With a few stark exceptions (Stezaker, B. Wurtz, Vincent Fecteau), most of the works in “Dereconstruction” scorned methodological and material economy, reflecting instead an approach based on enthusiastic appropriation and accumulation. Much attention was paid to craft technique (loudly announced by a profusion of fringes and rough seams), but two works offered an exception to the rule. Bruce Conner’s At the Head of the Stairs, 1987/2003, a tapestry produced mechanically on a Belgian Jacquard loom from a digital scan of a 1987 paper collage, deconstructs both its complex technological facilitation and its cut-and-paste origins. Takeshi Murata’s video Untitled (Silver), 2006, digitally extracts and distorts the image of actress Barbara Steele from the 1960 Italian horror movie Mask of Satan (aka Black Sunday). The only work in the show to subject its source material to noncontemporaneous technologies of fragmentation, it wears its disintegration on its sleeve but buries the laborious coding that brought these effects to the surface.

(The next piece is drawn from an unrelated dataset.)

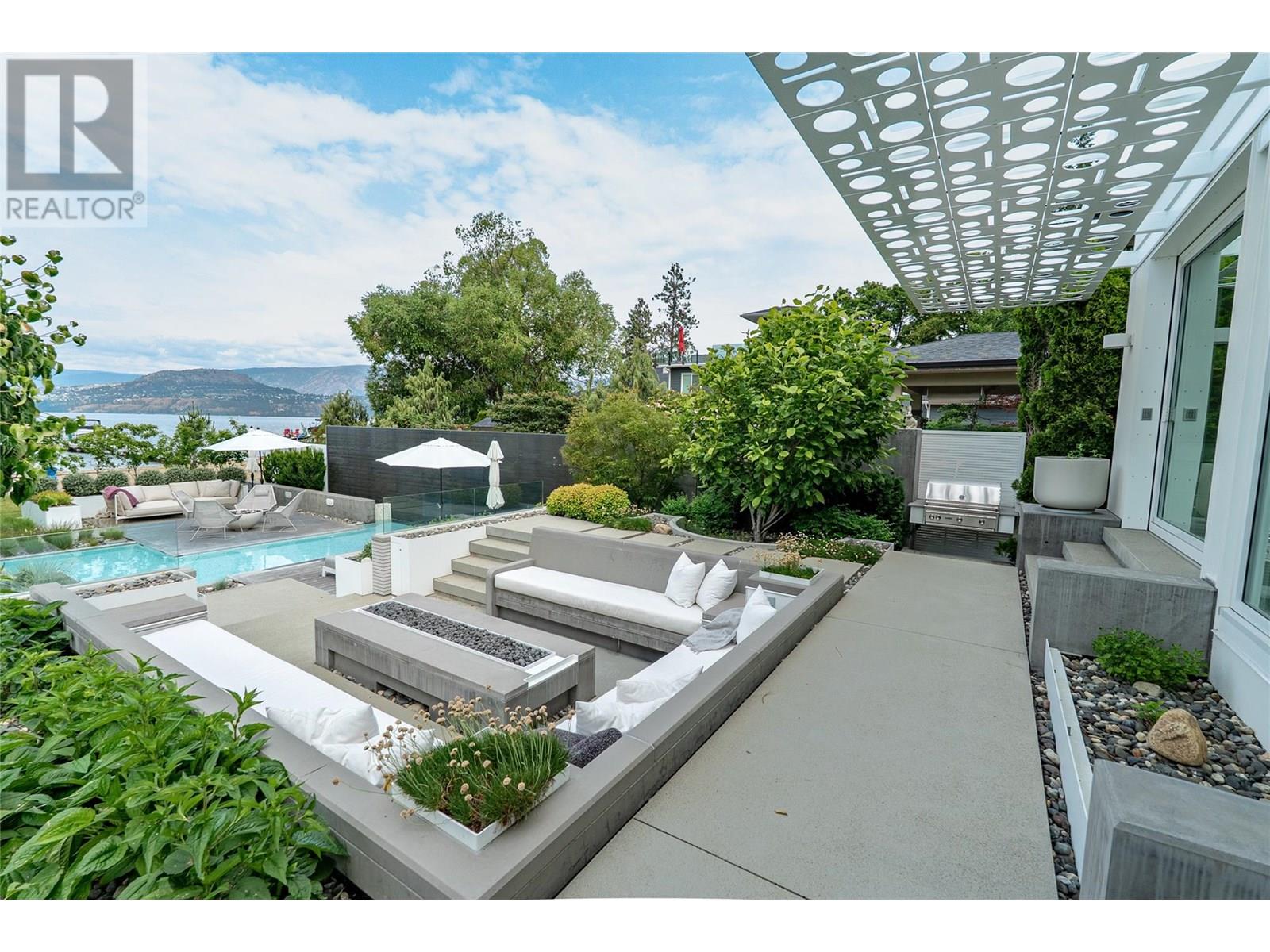 4110 Lakeshore Road, Kelowna, British Columbia  V1W 1V6 - Photo 4 - 10353783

While “Dereconstruction” identified an aesthetic resonance shared by some outwardly dissimilar works, it stuttered while trying to articulate its pitch theoretically. Higgs’s amalgamation of terms and ideas, while initially captivating, collapsed under its own weight, and an attempt to discern how each component work might demonstrate this or that aspect of a muddled principle tended, finally, to handicap one’s experience of them.